1. Field of the Invention
This invention relates generally to inspecting fiber optic endfaces using video microscopes. More particularly, the invention relates to a fiber optic endface inspector having capabilities of wireless communication between its video microscope and its display device for transmitting video streaming signal of the endface image, and focus detection and automatic capture/analysis of focused image of the endface inspected.
2. Description of the Related Art
Dirt, dust and other contaminants are enemies of high-speed data transmission over optical fiber. Today's network applications require more bandwidth, making loss budgets tighter than ever. It is critical that all optical connections are clean and free of contaminants to ensure success of the applications. In the art of fiber optic endface inspection, video microscopes have been widely adopted as the primary tool in current fiber optic system installation and troubleshooting routines.
Available fiber optic video inspection microscopes in today's market are mainly in two categories; bench-top and hand-held, as shown in FIG. 1A and FIG. 1B, respectively. FIG. 1A illustrates that the bench-top microscope 11 is mostly connected to a computer 12 via a cable 13 to inspect free fiber ends (i.e. male ends), for example, the endfaces of fiber patch cords. Using a computer program, operators can watch, capture, and save fiber images. But this type of microscopes is not suitable for field or central office uses, where both male and female (in-adapter) ends need to be inspected and most of the ends cannot be moved or removed. Thus, hand-held inspectors have become the choice for installers or maintenance technicians who work at fiber optic CO/HE, FTTX networks, or fiber sensing networks.

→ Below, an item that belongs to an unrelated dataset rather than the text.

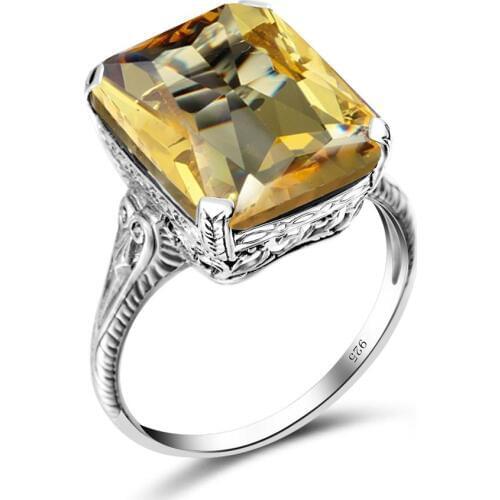 Szjinao Real 925 Sterling Silver Citrine Ring Square Gemstone Fine Jewelry Engrave Handmade Bohemia Silver Rings For Women Best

As illustrated in FIG. 1B, a hand-held video inspector includes two primary parts: a microscope probe 14 and a display unit 15. The display unit 15 can be a simple LCD screen, an OTDR device, a smart phone, a tablet or a PC. The microscope probe 14 and the display unit 15 are connected via a long electrical cable 16. As the first primary part, the microscope probe 14 is typically a compact and ergonomic hand tool that allows the operator to easily access locales that are a little distant away or difficult to access. With this flexibility, instead of bringing a connector to the microscope, which often is not feasible or possible, a hand-held video inspector can work with connectors that are affixed in a position and not movable. Most ‘female’ connectors belong to this category. With specially designed adapting tips for the hand-held video inspector probe, not only male connectors but also female connectors can be easily accessed and inspected. As different adapting tips should be mounted onto the microscope probe for interfacing with different connectors, manufacturers of hand-held video inspectors often offer a large family of adapting tips, with different ferrule sizes, different polishes (AC or APC), and different genders (male or female). As the second primary part, the display unit 15 receives the video signal from the microscope probe 14 and displays the fiber endface images on its screen. If the display unit 15 possesses a microprocessor inside, e.g. in an OTDR device, smart phone, or tablet/PC, the images can even be processed and saved. As a physically separate unit from the microscope probe 14, the display unit 15 can be positioned not only a little distant from the connector position but also set at any favorite viewing angle.
Among commercial hand-held video inspectors, in order to allow a long reach of the microscope probe, the cable between the microscope probe and the display is typically at least 1.5 meters long. Such a cable connection often causes inconveniences to the operators, especially when they work in a crowded environment (e.g. around a densely distributed connector panel) or an awkward position (e.g. in aircraft or shipboard applications). Therefore, a wireless communication between the microscope probe and the display unit will eliminate the drawbacks of the wired fiber optic endface inspector mentioned above and enable the operator to work more efficiently.
The U.S. Patent Application Publication by Levin et al, US 2011/0085159 A1, proposed a fiber optic connector endface inspection probe that comprises a wireless transceiver. But the wireless function of their proposed probe is just sending saved images (photos) to a remote image viewing device. Under its ‘blind’ working condition (i.e. without a real time video monitoring in front of the operator), a built-in autofocus system has to be provided in this proposal. The elements in their autofocus system include a microprocessor, an electronics module and a motor with controller, and are responsible for image contrast analysis, focusing status judgment, and then sending driving signal to the motor for lens position adjustments. Other than these elements, the proposed probe should also enclose a wireless transceiver, a battery, and a memory card. As a result, this probe becomes fairly bulky, heavy and impractical. As an alternative, instead of autofocus, Levin et al also proposed a manually focusing approach. But in that approach a viewing screen and thus a higher battery power have to be built in, so that the probe ends up even bulkier and heavier.
In view of the drawbacks and deficiencies of the fiber optic endface inspectors currently available in the industry, there is an urgent need for improvements on fiber optic endface inspectors to make the task of endface inspection easier and less time-consuming.